We all have one, a story that needs telling. I’m not talking about the funny tales we tell when we get together with our friends, as enriching and side-splitting as they can be. I’m talking about our story – the story of our life. I’m so sorry, I think I’ve just quoted a One Direction song.
To tell our story requires courage beyond our usual limits, especially for those of us with haunted pasts and shameful memories. To hear our stories can be difficult too, but it won’t last forever and you can get on with your life afterwards, so give us the time we need.
When we share our Story (intentional capitalisation) with you it’s a privilege. You are being trusted with our most fragile memories and the things that make us most vulnerable. We’re doing the emotional equivalent of tearing our chest open and showing you our still-beating heart.
So be gentle with us, respect our words and acknowledge our bravery. Let us know that you’ve heard us. You might even want to thank us for confiding in you.
Some things to not do – say nothing, contradict us, change the subject, minimise what we’ve shared. One definite no-no is to question our version of events and sounding reproachful when you respond is another tactic best avoided. I don’t want to feel told off for sharing the darkest corners of my life with you.
I’ve been looking into my Third Diary and that involves recalling things that have happened to me that I’ve kept buried away for years. They’re surfacing now and are at the root of my current crisis. They’re raw, so very painful and feel so big that I can’t get them under control. They’re eating me up from the inside.
To try and deal with the memories in my head – which often fast-forward into my present – means that I have to talk about them. I have to share with mental health professionals what’s going on for me and when I do, I’m taken to the limit of my existence, forced to feel a pain that goes way beyond anything I’ve ever felt before. So far I’ve shared my story with seven mental health professionals. One has responded with the care the situation deserved and another was OK and tried to help. Apart from that I’ve been met with silence, reproach and minimisation. It’s fair to say it’s not been helpful.
I know this isn’t my best writing, my head’s all over the place and I’ve not been able to sit and work for a very long time but this is important to me – and to many others so I hope you’ll pay heed.

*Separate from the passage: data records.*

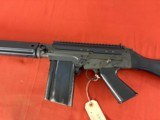 D.S.A. INC. MODEL SA58 FAL SEMI AUTO RIFLE - 8 of 12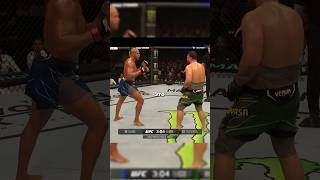 Ган очень хорош ufc mma [upl. by Rochester]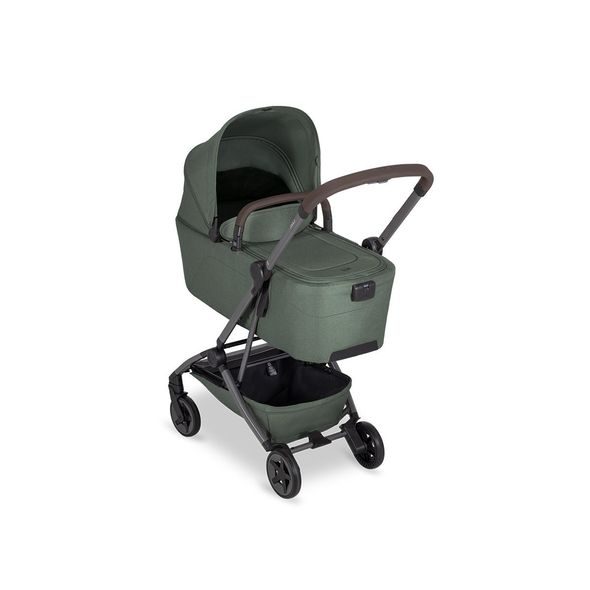 JOOLZ AER2 HLUBOKÝ DÍL FOREST GREEN - KORBIČKY - KOČÁRKY A PŘÍSLUŠENSTVÍ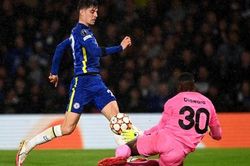 Chelsea mất cả Lukaku lẫn Werner: Cơ hội dành cho Kai Havertz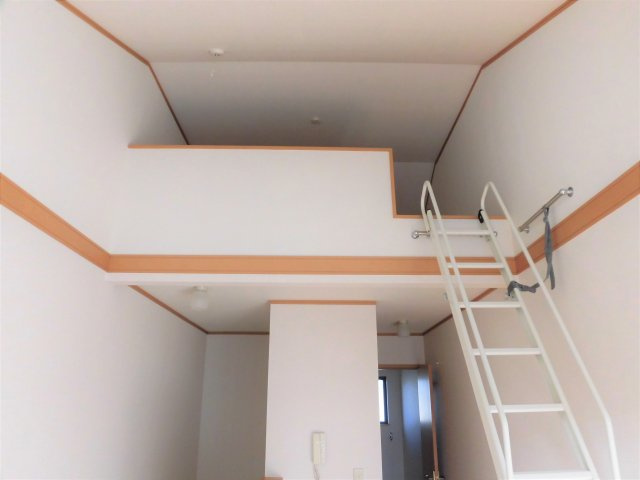 プラッサムコート羽衣Fのその他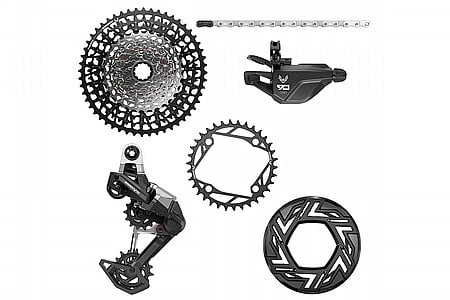 SRAM Eagle 90 Transmission E-MTB Groupset
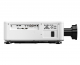 Sharp XP-X171Q-W Standard Throw-Projektor 16500 ANSI Lumen DLP WUXGA (1920x1200) Schwarz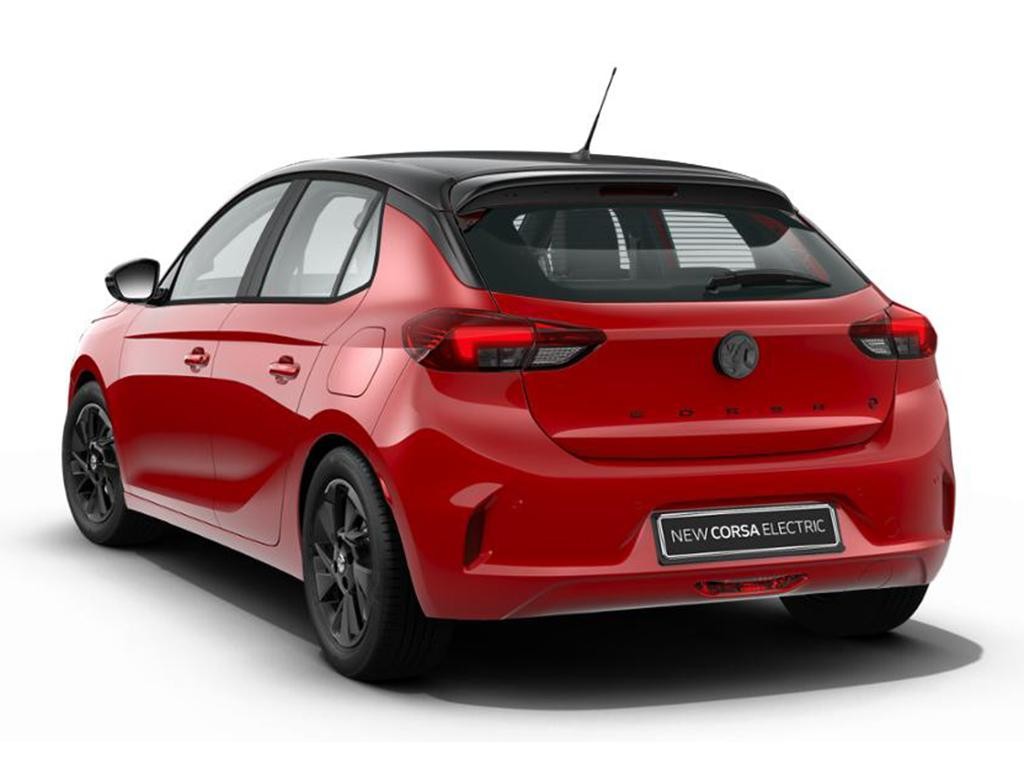 Vauxhall Corsa Electric Image 8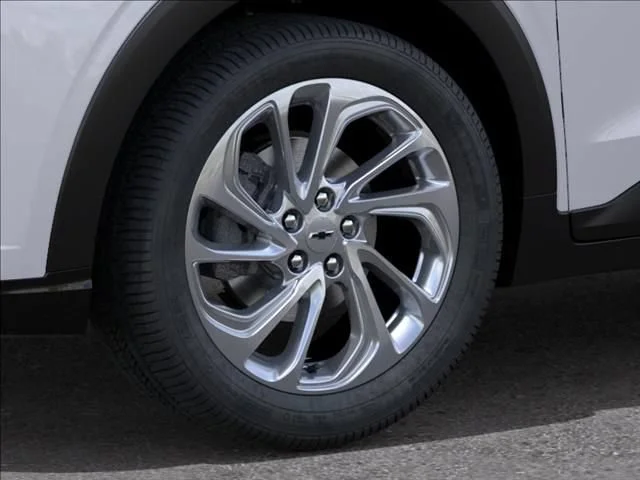2027 Chevrolet Bolt LT - Photo 9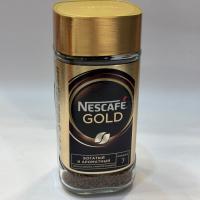 قهوه نسکافه گلد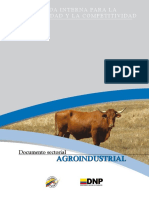 Agenda Interna Sector Agroindustrial DNP.pdf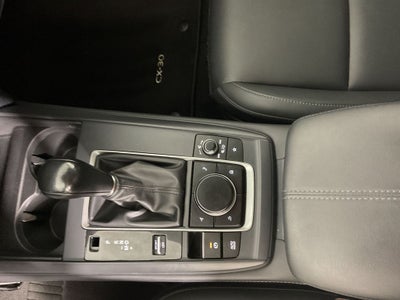 2021 Mazda Mazda CX-30 Select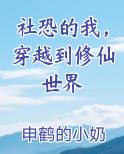 社恐的我，穿越到修仙世界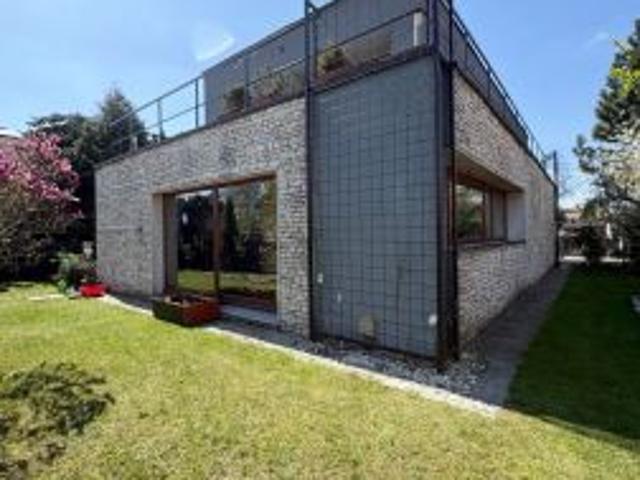 Bezpośrednio, Katowice, Piotrowice, ul. Artura Grottgera, 101 m² Dom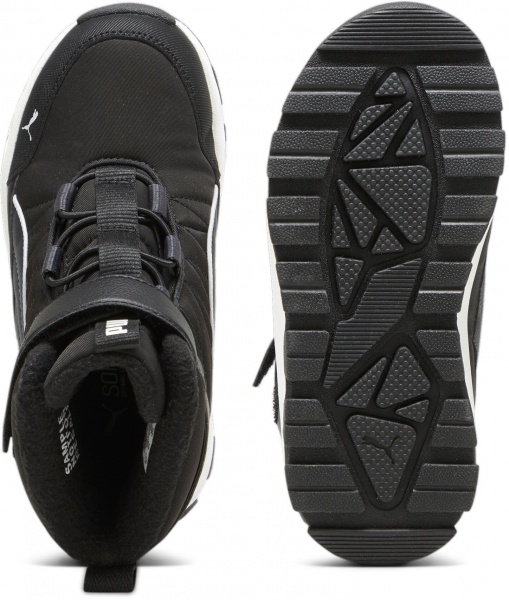 Черевики Puma PUMA EVOLVE BOOT AC+ PS 39264501 р.33 чорний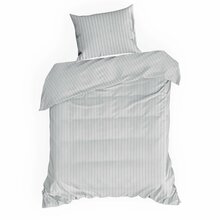 Voodipesukomplekt Eurofirany Vera PTX-06, 140 x 200 cm, 70 x 80 cm, hall
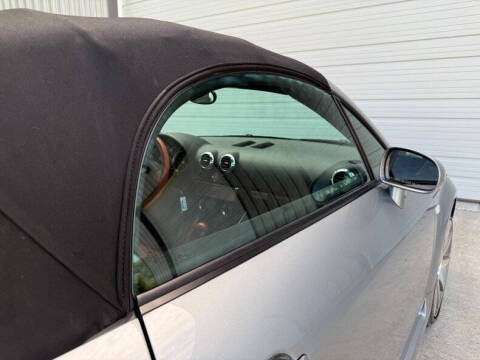 2006 Audi TT Special Edition
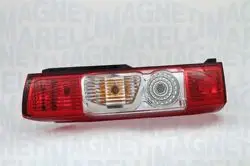 Stop Lambası Sağ Ducato / Boxer / Jumper 06-14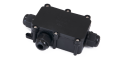  Conector cablu etanș ZH-6486 230V 4PIN CSJ 4x1.5 cutie IP68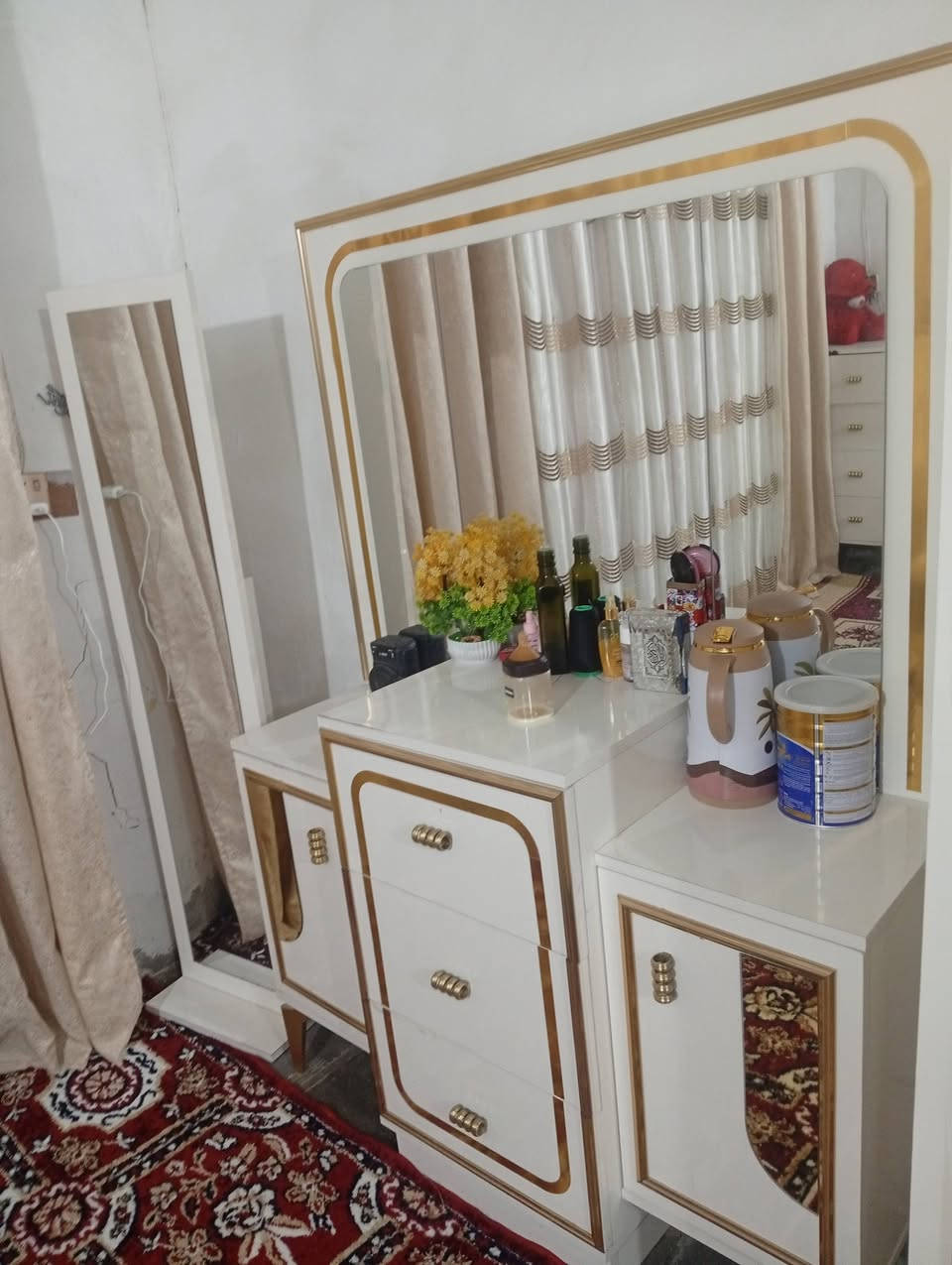 مليون ونص ثنينهن لكاونتر والغرفه


**إذا كنت صاحب هذا الإعلان وتريد حذفه لأي سبب، رجاءا أرسل رسالة إلى الدعم الفني**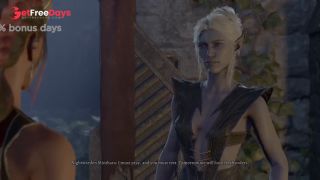 [GetFreeDays.com] Minthara Sex Scene with Tiefling Tav Baldurs Gate 3 BG3 Adult Clip March 2023-9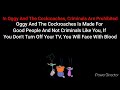 REUPLOAD Oggy And The Cockroaches Anti Piracy Screen 11
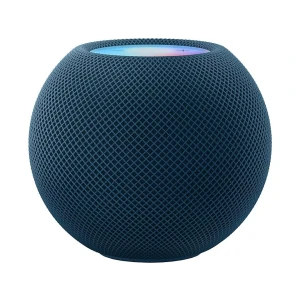 Apple HomePod mini Wifi speaker Blauw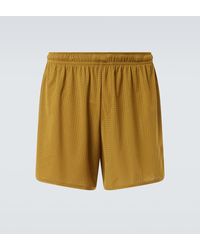 Satisfy - Space-O 5 Shorts - Lyst
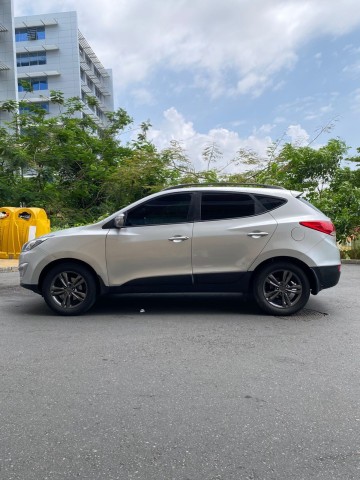 Venda HYUNDAI TUCSON FULL LIMPO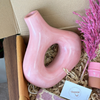 Medina Pink Handcrafted Gift Box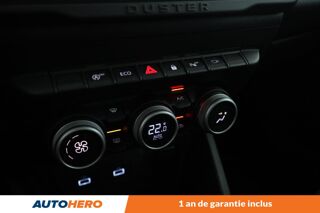 Duster II 1.5 Blue dCi SL Extreme 4x2 116 ch 2023 occasion 92130 Issy-les-Moulineaux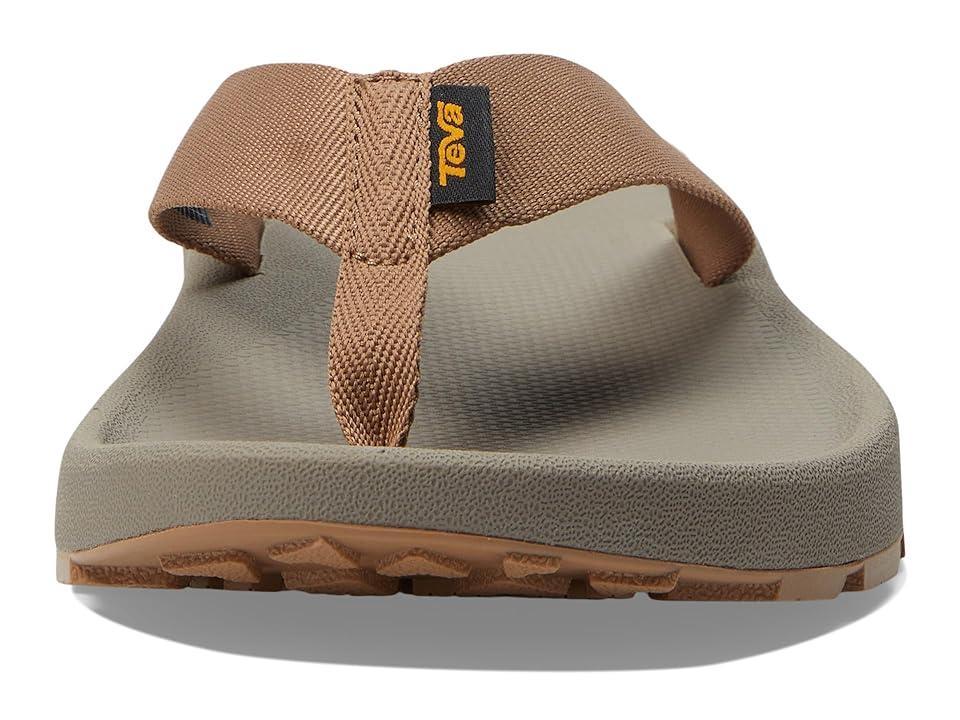 Teva Hydratrek (Tigers Eye) Women's Shoes Product Image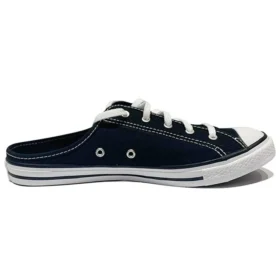 Chuck Taylor All Star Dainty Mule Slip „Black“ Chuck Taylor All Star Dainty Mule Slip „Black“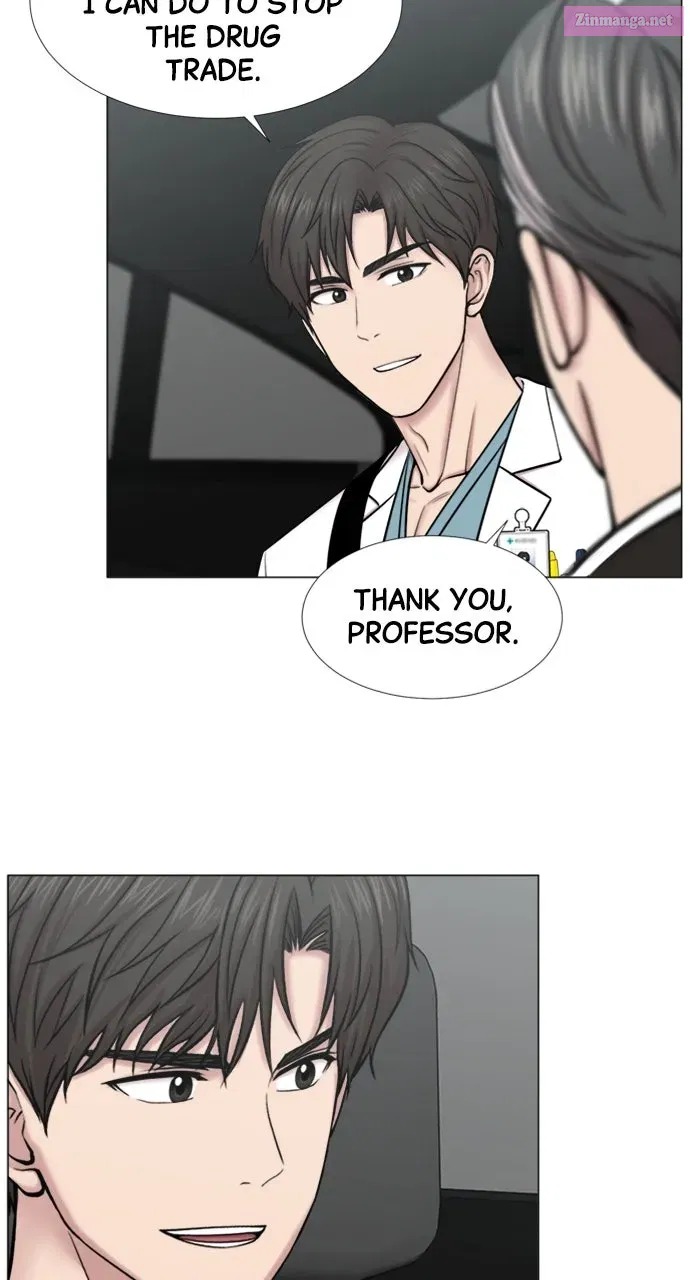 Read Trauma Center Golden Hour (The Trauma Code) Manga Online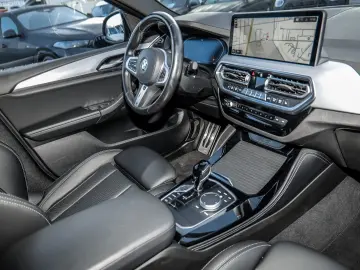 BMW X4 xDrive20i M Sport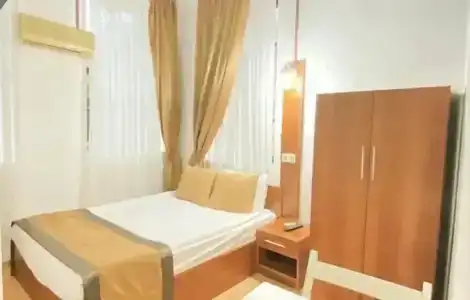 Konak Kaleiçi - 65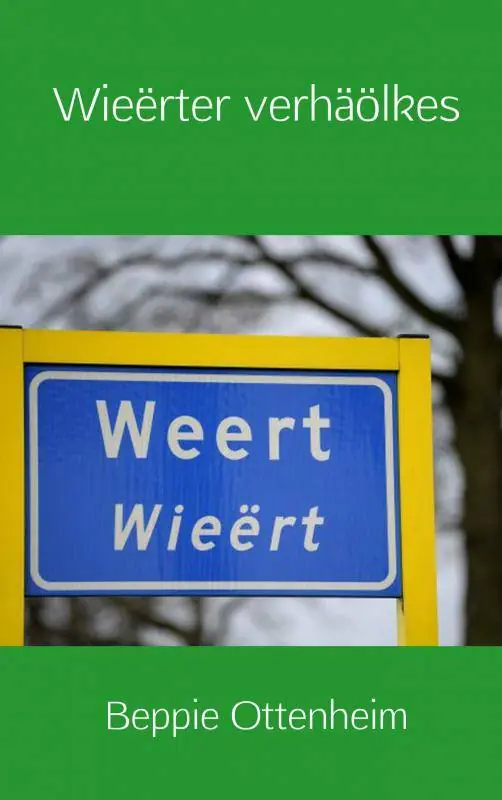 Wieërter verhäölkes / Druk 2 Betrouwbaar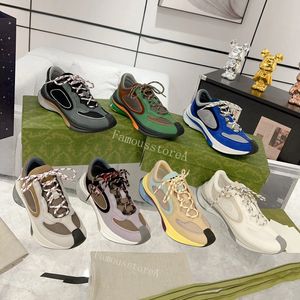 Luxus -Designer -Trainer Männerschuhe Chinesisches Neujahr Retro Run Sneakers Schuhe Unisex Paar Sportschuhe Dicke alleinige Keks lässige Männer Sneakers mit Kastengröße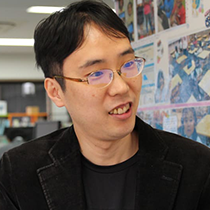 今木智隆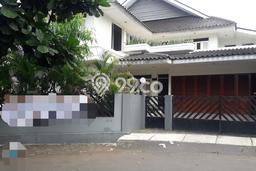 Siap Huni Hunian Elit 5 Kamar di Pesanggrahan Dekat ke Mana Saja Siap Huni Hunian Elit 5 Kamar di Pesanggrahan Dekat ke Mana Saja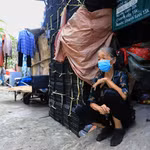 [Podcast] "Cuộc đời vẫn đẹp sao" ở xóm nghèo dưới chân cầu Long Biên
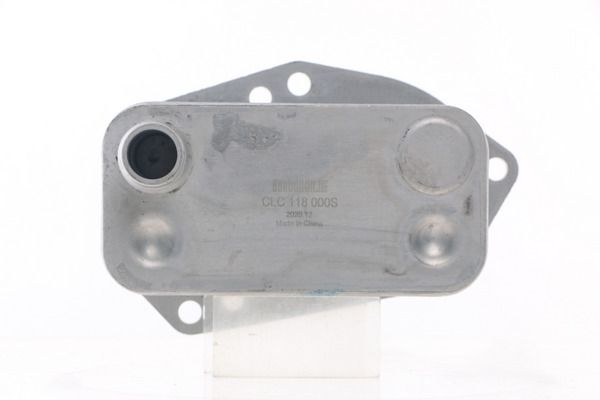 MAHLE CLC 118 000S Oil Cooler, engine oil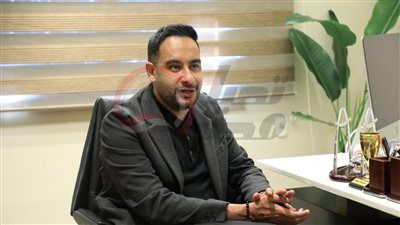 كريم رمزي: حسين الشحات خارج الأهلي بنهاية الموسم.. ويقترب من الدوري الليبي - الخليج الان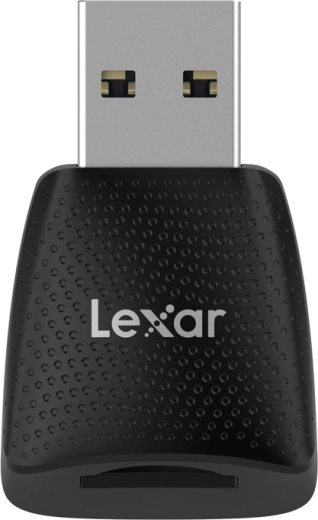Lexar čitač microSD kartica RW330U USB 3.2 UHS‑I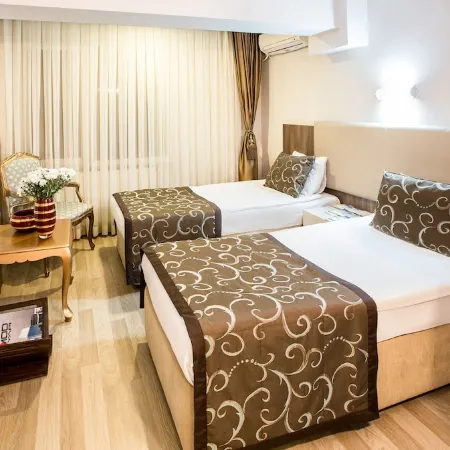 Bolu Termal Otel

When someone you know (or maybe you don’t know them at all) discloses something personal to you – if they choose to share their Story with you – remember to treat them with kindness and their words with respect. Treat the situation with the seriousness it deserves. See the person in front of you and then imagine that you’re holding a tiny, fragile bird in your hands because you pretty much are – although in this case if you let go for a second they’ll rebuild their egg shell around them and they might not try to come out again for many years. It would be an opportunity missed and a life reduced to a shamed, painful retreat.
Stories – they’re so very important. Sometimes they’re life or death. You never really know what’s going on for someone else unless they tell you. And if they do, please never forget what an honour it is to have them trust you with their life.